Women’s Prize for Fiction Winner

Screen Shot 2015-06-04 at 10.25.02 AMAli Smith’s How to Be Both (RH/Pantheon; OverDrive Sample) has won the Baileys Women’s Prize for Fiction.

The novel has garnered much attention. It won the Costa Novel Award and The Goldsmiths Prize and was a shortlist title for the Man Booker.

Comparing it to “what it felt like reading Virginia Woolf, James Joyce, all of the greats,” the award committee chair tells The Guardian, “this is not a good book, this is a great book, and people are going to be reading it long after I’m dead.”

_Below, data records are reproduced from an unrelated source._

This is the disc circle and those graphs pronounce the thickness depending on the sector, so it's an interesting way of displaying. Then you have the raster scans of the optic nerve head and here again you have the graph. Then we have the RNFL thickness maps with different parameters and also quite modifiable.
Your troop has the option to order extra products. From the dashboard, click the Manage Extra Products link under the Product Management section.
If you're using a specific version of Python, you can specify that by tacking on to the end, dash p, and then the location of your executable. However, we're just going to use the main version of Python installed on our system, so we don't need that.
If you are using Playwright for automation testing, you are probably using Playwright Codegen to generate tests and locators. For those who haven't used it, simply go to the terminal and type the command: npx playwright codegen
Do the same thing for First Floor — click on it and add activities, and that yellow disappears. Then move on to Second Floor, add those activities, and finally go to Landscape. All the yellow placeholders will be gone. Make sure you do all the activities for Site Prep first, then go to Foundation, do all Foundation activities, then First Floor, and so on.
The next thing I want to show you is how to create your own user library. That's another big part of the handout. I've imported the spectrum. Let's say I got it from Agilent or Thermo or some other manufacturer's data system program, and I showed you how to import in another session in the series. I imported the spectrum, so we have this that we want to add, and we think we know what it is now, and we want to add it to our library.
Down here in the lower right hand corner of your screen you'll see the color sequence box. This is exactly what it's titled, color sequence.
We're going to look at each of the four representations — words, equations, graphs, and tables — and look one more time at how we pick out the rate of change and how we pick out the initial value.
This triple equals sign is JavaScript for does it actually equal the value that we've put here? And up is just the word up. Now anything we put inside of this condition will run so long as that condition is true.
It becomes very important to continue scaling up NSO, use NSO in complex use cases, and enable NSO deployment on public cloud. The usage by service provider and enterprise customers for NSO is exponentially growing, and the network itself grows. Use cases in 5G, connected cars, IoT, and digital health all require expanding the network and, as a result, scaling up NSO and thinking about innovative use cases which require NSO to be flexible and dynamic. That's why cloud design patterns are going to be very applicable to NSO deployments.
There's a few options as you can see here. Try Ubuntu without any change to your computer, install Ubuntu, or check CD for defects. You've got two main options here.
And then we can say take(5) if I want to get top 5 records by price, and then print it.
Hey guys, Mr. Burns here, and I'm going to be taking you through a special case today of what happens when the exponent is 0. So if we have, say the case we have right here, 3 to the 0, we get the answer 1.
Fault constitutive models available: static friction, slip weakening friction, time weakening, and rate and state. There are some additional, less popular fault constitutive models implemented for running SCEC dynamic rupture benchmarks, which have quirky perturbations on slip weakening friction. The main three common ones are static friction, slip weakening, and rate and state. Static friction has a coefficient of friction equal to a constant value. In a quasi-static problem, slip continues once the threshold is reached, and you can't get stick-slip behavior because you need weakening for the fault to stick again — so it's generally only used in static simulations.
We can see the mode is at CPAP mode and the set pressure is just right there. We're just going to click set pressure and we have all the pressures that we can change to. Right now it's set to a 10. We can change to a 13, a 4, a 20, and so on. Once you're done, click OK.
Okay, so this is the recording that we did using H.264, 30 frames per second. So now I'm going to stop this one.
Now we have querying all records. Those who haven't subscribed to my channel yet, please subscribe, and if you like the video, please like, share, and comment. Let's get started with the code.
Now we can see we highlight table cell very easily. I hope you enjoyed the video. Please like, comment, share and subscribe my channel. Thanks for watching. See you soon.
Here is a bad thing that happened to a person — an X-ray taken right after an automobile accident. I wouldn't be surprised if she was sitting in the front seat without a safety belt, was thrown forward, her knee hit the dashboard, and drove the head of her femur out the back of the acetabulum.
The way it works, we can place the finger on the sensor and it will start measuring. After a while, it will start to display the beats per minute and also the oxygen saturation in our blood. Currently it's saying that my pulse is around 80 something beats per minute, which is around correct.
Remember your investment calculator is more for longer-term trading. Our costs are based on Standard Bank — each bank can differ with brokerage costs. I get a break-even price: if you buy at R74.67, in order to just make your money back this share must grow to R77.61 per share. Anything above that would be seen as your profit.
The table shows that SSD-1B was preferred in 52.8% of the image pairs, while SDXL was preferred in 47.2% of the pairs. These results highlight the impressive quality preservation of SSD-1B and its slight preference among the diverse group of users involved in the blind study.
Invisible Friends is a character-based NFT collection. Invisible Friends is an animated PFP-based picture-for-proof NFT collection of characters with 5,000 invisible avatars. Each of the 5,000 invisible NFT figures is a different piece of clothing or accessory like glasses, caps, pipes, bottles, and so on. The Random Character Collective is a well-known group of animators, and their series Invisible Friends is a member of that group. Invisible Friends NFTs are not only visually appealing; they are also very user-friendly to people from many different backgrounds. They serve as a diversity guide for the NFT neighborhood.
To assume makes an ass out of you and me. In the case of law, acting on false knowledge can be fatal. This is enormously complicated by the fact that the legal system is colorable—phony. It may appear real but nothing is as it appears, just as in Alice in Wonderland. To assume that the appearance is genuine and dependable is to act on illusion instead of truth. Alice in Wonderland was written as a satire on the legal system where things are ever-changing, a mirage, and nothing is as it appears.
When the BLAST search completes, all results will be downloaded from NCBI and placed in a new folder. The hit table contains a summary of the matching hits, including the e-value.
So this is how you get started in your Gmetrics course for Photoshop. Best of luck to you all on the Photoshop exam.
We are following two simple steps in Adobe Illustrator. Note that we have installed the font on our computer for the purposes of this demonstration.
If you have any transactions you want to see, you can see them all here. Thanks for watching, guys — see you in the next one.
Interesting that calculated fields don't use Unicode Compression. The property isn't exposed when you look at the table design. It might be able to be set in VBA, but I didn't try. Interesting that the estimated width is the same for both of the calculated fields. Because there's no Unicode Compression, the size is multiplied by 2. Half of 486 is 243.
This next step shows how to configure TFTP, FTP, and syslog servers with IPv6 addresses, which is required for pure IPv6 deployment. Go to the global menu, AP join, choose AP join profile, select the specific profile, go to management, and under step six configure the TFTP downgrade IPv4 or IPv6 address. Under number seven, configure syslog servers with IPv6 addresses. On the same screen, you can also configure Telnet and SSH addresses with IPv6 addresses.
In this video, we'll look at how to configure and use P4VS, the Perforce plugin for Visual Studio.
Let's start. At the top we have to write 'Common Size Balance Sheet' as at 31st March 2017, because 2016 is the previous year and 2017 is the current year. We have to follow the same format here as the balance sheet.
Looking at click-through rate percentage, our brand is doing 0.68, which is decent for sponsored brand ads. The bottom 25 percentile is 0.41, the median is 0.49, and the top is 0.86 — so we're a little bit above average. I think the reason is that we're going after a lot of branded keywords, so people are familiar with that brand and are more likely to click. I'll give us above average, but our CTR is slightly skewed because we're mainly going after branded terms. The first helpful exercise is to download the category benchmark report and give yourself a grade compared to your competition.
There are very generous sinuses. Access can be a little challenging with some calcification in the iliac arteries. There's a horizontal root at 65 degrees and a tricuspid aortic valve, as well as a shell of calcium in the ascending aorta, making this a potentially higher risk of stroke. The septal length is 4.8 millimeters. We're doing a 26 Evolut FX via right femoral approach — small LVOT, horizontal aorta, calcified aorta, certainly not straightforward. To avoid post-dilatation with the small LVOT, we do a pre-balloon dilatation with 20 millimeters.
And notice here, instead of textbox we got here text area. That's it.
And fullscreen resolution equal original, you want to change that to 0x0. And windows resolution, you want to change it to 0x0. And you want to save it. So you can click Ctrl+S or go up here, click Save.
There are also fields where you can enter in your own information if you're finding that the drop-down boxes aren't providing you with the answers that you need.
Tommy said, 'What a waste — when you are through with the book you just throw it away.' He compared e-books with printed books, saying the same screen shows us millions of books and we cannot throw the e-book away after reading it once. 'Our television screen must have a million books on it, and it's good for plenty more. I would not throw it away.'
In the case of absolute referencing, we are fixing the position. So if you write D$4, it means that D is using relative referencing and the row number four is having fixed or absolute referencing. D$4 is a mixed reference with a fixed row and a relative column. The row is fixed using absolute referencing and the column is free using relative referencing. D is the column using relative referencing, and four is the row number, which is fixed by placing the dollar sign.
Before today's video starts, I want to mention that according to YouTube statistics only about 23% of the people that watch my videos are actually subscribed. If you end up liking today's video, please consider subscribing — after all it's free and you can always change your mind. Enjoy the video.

The book was printed in two versions. One begins with the story of George, a young modern woman coping with the death of her mother who becomes enthralled by the paintings of the 15th century Renaissance artist Francesco del Costa. The other begins with the story of Francesco. Each edition contains both sections and were distributed in a random mix.

Reviews at the time of publication (Dec. 2014) were largely admiring if a bit nervous about its unusual structure.

Ron Charles wrote in The Washington Post: “Ali Smith’s playfully brilliant new novel makes me both excited and wary of recommending it. This gender-blending, genre-blurring story, which was shortlisted for the Booker Prize, bounces across centuries, tossing off profound reflections on art and grief, without getting tangled in its own postmodern wires. It’s the sort of death-defying storytelling acrobatics that don’t seem entirely possible — How did she get here from there? — but you’ve got to be willing to hang on.”

Janet Maslin told her readers in The New York Times: “Never judge a book by its structure. How to Be Both has a lot more allure than its overall rigor suggests, thanks to the obvious pleasure Ms. Smith takes in creating her peculiar parallels and exploring the questions they raise.”

Formerly known as the Orange Prize, the Baileys Award celebrates excellence in women’s writing from around the world. The shortlist included Rachel Cusk’s Outline, Laline Paull’s The Bees, Kamila Shamsie’s A God in Every Stone, Anne Tyler’s A Spool of Blue Thread, and Sarah Waters’ The Paying Guests.